Therapeutic effect of human adipose stem cells derived exosomes on carbon tetrachloride induced liver fibrosis in rats

doi:10.3969/j.issn.2095-4344.2048

Abstract

Abstract:

BACKGROUND: Liver fibrosis has higher morbidity and mortality. Activation and proliferation of hepatic stellate cells is a key link in the progression of liver fibrosis. At present, there are still no effective anti-fibrosis agents targeting single links or targets.

OBJECTIVE: To analyze the effect of human adipose stem cells derived exosomes on rats with liver fibrosis induced by carbon tetrachloride.

METHODS: Human adipose stem cells were obtained from healthy people by enzyme dissolution method. After in vitro culture, human adipose stem cells derived exosomes were obtained by multiple ultrafiltration. Different concentrations of exosomes were used to treat the hepatic stellate cells activated by transforming growth factor β1. The human adipose stem cells activated by transforming growth factor β1 were treated with different concentrations of exosomes. The expression of α-smooth actin in the cells was detected by quantitative PCR, and the growth and apoptosis of activated hepatic stellate cells were detected by CCK-8 and flow cytometry respectively. Rat models of liver fibrosis were established by intraperitoneal injection of carbon tetrachloride and treated by tail vein injection of exosomes. Rat liver function, serum levels of type III procollagen and type IV collagen, and Ishak score were determined.

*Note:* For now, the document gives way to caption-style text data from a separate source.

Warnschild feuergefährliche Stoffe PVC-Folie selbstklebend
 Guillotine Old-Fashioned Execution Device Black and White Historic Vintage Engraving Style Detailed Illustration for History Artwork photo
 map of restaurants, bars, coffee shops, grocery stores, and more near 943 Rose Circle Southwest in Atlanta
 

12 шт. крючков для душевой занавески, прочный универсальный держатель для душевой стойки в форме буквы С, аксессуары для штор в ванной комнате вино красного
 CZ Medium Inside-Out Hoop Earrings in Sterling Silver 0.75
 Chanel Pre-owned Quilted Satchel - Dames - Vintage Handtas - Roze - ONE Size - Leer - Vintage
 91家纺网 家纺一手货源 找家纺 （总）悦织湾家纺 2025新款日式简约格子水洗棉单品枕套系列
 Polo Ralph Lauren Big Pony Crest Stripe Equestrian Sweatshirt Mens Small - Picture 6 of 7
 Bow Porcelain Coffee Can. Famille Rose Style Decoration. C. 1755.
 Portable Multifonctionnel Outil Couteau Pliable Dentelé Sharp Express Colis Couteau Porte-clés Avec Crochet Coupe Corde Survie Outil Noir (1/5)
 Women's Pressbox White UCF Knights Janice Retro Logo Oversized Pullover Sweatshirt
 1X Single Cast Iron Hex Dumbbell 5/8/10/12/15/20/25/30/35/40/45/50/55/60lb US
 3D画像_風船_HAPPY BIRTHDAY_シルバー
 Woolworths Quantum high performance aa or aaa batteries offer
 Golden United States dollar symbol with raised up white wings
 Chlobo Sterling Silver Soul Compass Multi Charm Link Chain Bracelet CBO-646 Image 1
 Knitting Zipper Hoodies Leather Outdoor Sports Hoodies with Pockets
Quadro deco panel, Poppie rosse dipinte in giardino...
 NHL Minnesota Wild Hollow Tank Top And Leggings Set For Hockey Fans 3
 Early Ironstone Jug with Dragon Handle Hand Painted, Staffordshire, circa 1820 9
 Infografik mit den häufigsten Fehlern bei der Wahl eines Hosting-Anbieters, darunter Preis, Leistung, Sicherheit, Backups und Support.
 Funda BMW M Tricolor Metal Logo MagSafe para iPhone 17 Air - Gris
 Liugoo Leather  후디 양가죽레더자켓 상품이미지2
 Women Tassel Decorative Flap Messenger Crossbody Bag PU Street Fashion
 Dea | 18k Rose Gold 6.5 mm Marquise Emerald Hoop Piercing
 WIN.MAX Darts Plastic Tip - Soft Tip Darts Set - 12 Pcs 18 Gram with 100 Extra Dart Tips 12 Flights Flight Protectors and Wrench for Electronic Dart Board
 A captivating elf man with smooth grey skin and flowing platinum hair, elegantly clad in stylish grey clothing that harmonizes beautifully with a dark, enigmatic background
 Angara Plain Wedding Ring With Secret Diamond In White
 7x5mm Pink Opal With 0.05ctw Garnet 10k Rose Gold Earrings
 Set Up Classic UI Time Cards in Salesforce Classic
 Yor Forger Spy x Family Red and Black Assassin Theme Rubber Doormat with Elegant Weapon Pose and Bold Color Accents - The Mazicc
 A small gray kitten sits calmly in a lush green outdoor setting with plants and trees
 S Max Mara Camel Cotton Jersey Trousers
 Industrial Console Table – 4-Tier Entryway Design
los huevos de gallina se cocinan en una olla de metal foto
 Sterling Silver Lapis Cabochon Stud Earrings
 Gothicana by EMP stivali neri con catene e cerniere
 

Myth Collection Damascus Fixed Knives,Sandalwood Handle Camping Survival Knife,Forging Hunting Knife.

Semi-quantitative analysis of liver fibrosis was performed. The expression levels of tissue inhibitor of matrix metalloproteinase-1, matrix metalloproteinase 9 and α-smooth actin in liver tissue were measured by immunofluorescence method. The study protocol was approved by the Animal Ethics Committee and Medical Ethics Committee, Tongji University, China in January, 2017.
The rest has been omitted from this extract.